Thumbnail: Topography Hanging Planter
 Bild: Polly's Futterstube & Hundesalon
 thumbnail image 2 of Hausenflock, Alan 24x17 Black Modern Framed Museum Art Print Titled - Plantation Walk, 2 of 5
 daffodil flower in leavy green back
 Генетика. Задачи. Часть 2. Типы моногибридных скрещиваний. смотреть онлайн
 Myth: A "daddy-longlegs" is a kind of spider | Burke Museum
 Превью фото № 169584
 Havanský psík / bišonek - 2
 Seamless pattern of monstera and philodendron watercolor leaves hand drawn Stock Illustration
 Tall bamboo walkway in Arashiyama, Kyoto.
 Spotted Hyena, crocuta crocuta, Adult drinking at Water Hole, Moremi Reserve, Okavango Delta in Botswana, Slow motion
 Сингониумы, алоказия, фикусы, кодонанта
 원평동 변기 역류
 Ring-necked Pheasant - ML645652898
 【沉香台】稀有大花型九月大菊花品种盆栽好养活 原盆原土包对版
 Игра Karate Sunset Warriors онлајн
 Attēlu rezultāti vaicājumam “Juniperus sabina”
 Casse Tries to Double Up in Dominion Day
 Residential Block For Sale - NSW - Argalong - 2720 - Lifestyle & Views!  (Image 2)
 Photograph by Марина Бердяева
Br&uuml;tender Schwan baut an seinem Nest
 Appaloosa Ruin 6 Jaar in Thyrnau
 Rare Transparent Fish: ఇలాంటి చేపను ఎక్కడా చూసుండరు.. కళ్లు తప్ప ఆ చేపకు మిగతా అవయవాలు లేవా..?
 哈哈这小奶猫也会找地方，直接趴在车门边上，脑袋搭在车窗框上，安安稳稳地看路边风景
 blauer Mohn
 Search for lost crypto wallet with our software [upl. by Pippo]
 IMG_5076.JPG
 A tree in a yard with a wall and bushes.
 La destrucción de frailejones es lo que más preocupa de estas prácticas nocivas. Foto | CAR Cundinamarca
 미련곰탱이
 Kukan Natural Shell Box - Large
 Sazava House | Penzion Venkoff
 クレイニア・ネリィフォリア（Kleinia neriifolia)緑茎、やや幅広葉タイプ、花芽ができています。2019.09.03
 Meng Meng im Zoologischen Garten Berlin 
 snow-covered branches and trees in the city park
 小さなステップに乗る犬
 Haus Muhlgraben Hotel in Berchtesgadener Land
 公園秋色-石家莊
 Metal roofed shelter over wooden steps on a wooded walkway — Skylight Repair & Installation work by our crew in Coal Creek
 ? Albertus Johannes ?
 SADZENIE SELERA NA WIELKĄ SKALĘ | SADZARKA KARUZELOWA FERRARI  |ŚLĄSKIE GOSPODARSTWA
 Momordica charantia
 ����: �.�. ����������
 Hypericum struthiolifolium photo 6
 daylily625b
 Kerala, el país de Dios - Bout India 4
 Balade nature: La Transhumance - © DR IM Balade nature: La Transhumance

**Work task**
Exactly as written, give again every line from the one containing "IMG_5076.JPG" through the last line of the material above, and no other lines.

**Your response**
 IMG_5076.JPG
 A tree in a yard with a wall and bushes.
 La destrucción de frailejones es lo que más preocupa de estas prácticas nocivas. Foto | CAR Cundinamarca
 미련곰탱이
 Kukan Natural Shell Box - Large
 Sazava House | Penzion Venkoff
 クレイニア・ネリィフォリア（Kleinia neriifolia)緑茎、やや幅広葉タイプ、花芽ができています。2019.09.03
 Meng Meng im Zoologischen Garten Berlin 
 snow-covered branches and trees in the city park
 小さなステップに乗る犬
 Haus Muhlgraben Hotel in Berchtesgadener Land
 公園秋色-石家莊
 Metal roofed shelter over wooden steps on a wooded walkway — Skylight Repair & Installation work by our crew in Coal Creek
 ? Albertus Johannes ?
 SADZENIE SELERA NA WIELKĄ SKALĘ | SADZARKA KARUZELOWA FERRARI  |ŚLĄSKIE GOSPODARSTWA
 Momordica charantia
 ����: �.�. ����������
 Hypericum struthiolifolium photo 6
 daylily625b
 Kerala, el país de Dios - Bout India 4
 Balade nature: La Transhumance - © DR IM Balade nature: La Transhumance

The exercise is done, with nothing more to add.